What to work on: Your task is to print all of the entries exactly, though the pictures should not be included.

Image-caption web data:
____

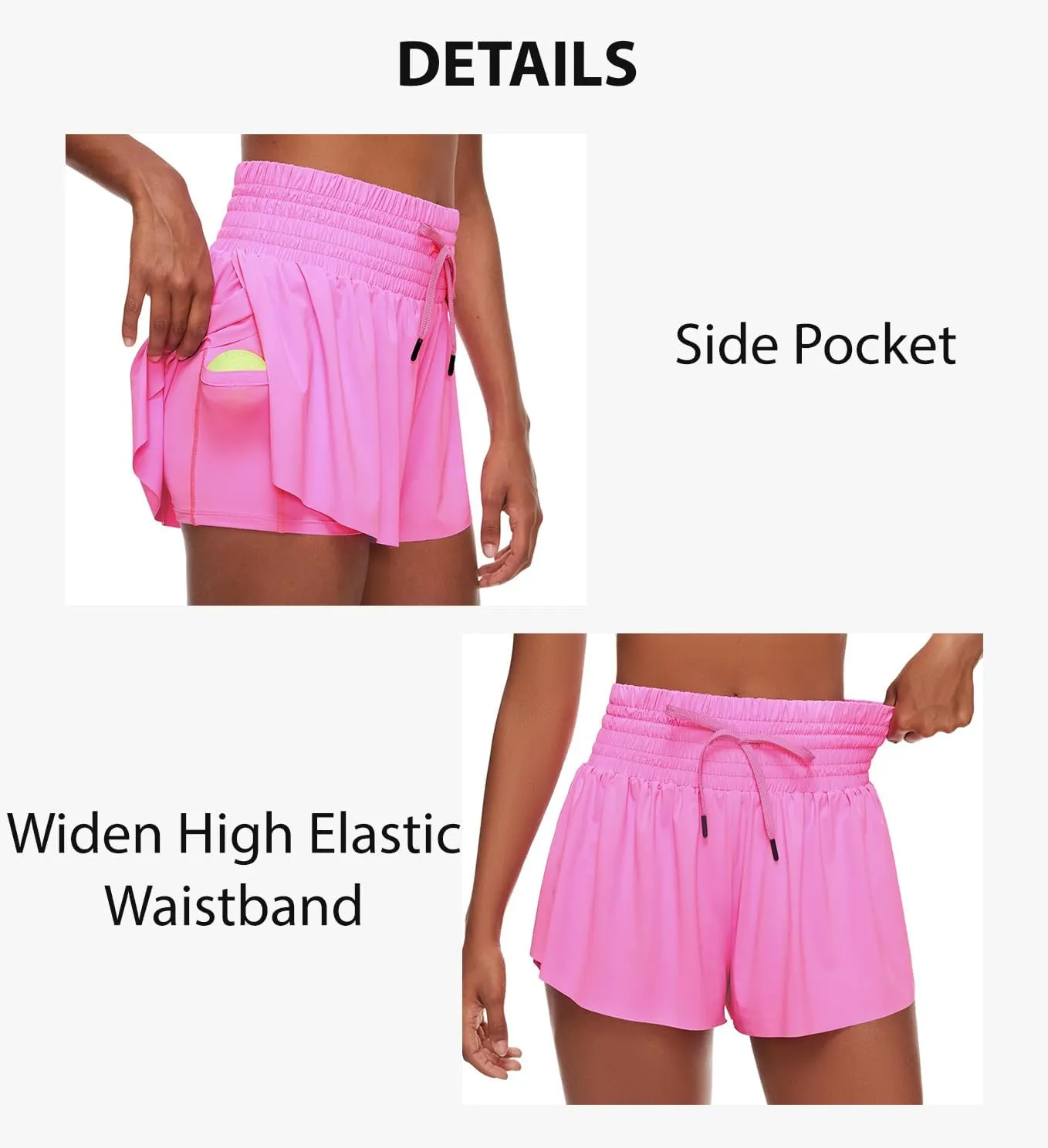 Women Flowy Athletic Shorts,2 in 1 High Waisted Running Shorts with Pocket Yoga Workout Casual Wear Summer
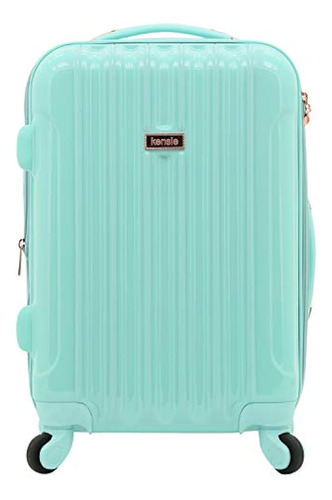 Kensie Women's Alma Hardside Spinner Luggage, Opal, Carry-on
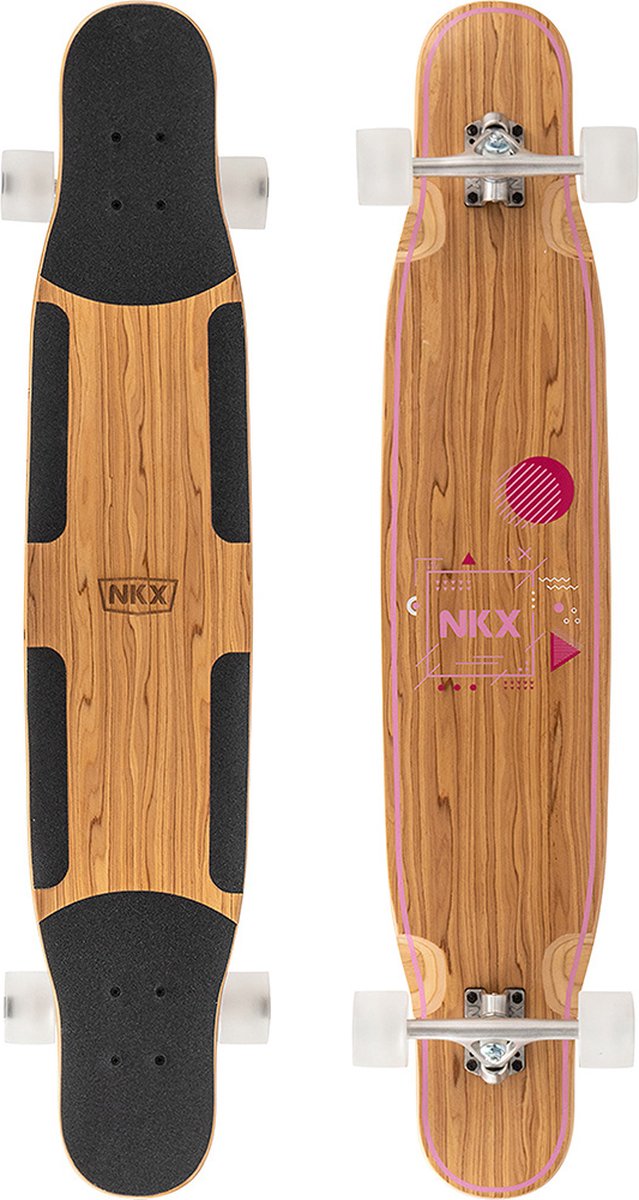 NKX Geometric Dancer Longboard 44 Olive Pink Longboard kopen online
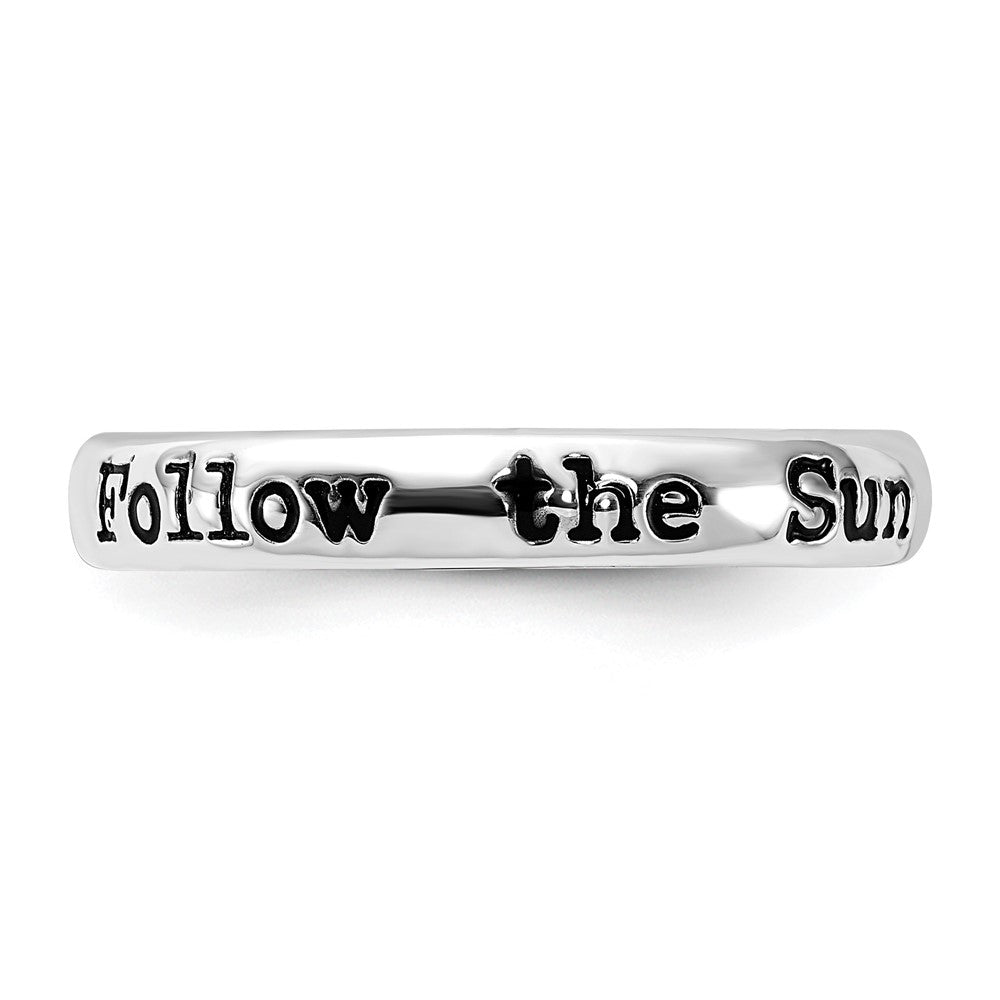 Sterlingsilber Stapelbar Expressions Emailliert Lyric Follow The Sonne Ring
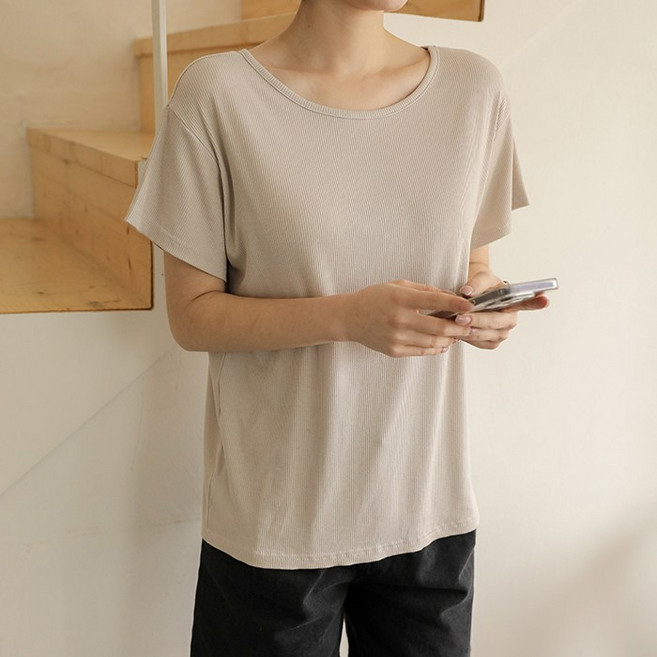 빼빼 여성용 넓은 라운드넥 루즈핏 골지 스판 반팔 티셔츠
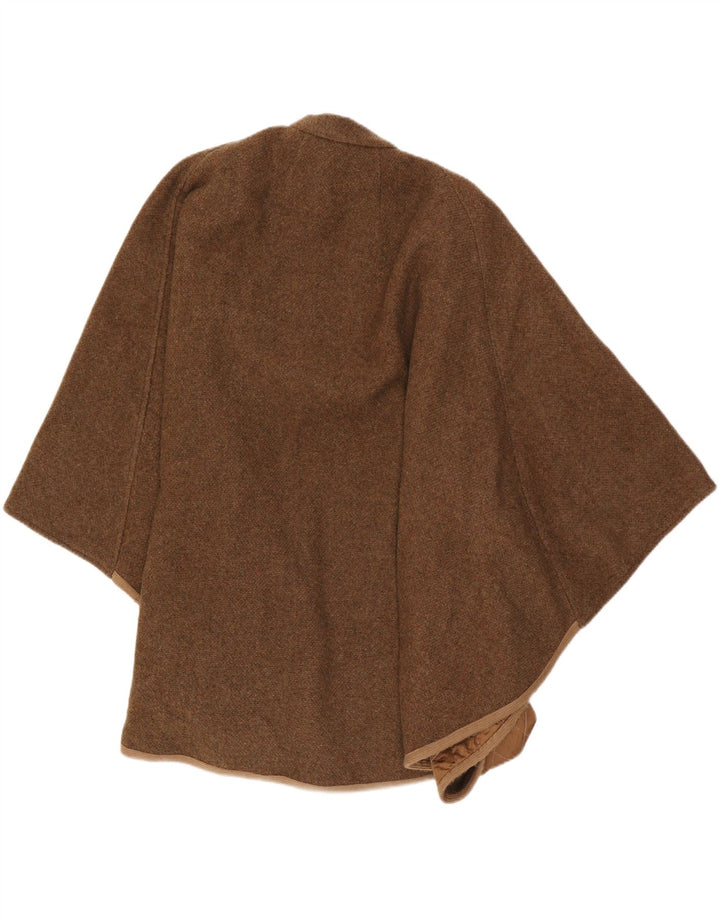 Vintage Mujer Poncho Abrigo Un Tamaño Marrón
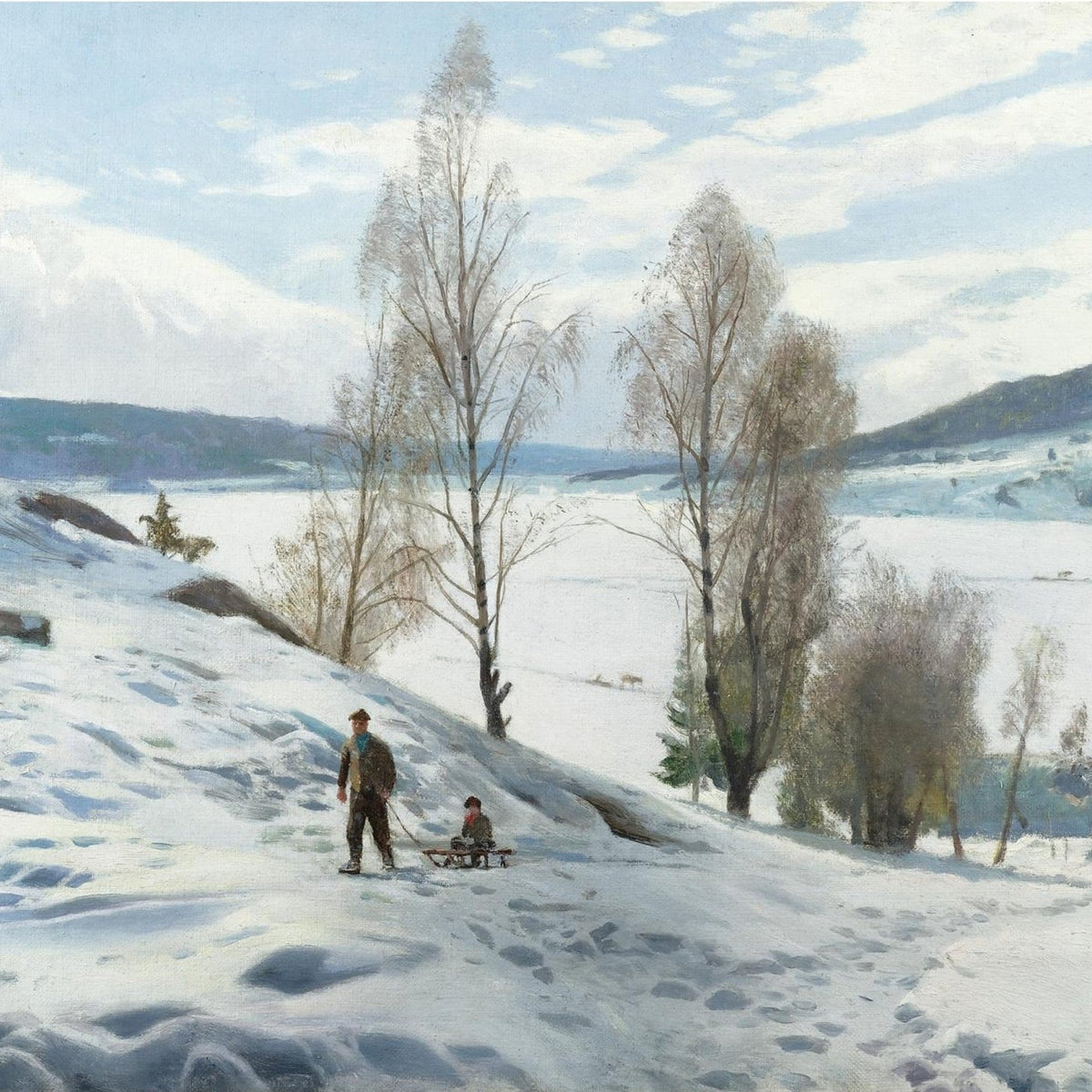 Hand-painted snowy countryside with figures landscape oil painting on canvas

____

Task solution:
 Women Flowy Athletic Shorts,2 in 1 High Waisted Running Shorts with Pocket Yoga Workout Casual Wear Summer
 Kensie Women's Alma Hardside Spinner Luggage, Opal, Carry-on
 NKX Geometric Dancer Longboard 44 Olive Pink Longboard kopen online
 Sterlingsilber Stapelbar Expressions Emailliert Lyric Follow The Sonne Ring
 빼빼 여성용 넓은 라운드넥 루즈핏 골지 스판 반팔 티셔츠
 Vintage Mujer Poncho Abrigo Un Tamaño Marrón
 Hand-painted snowy countryside with figures landscape oil painting on canvas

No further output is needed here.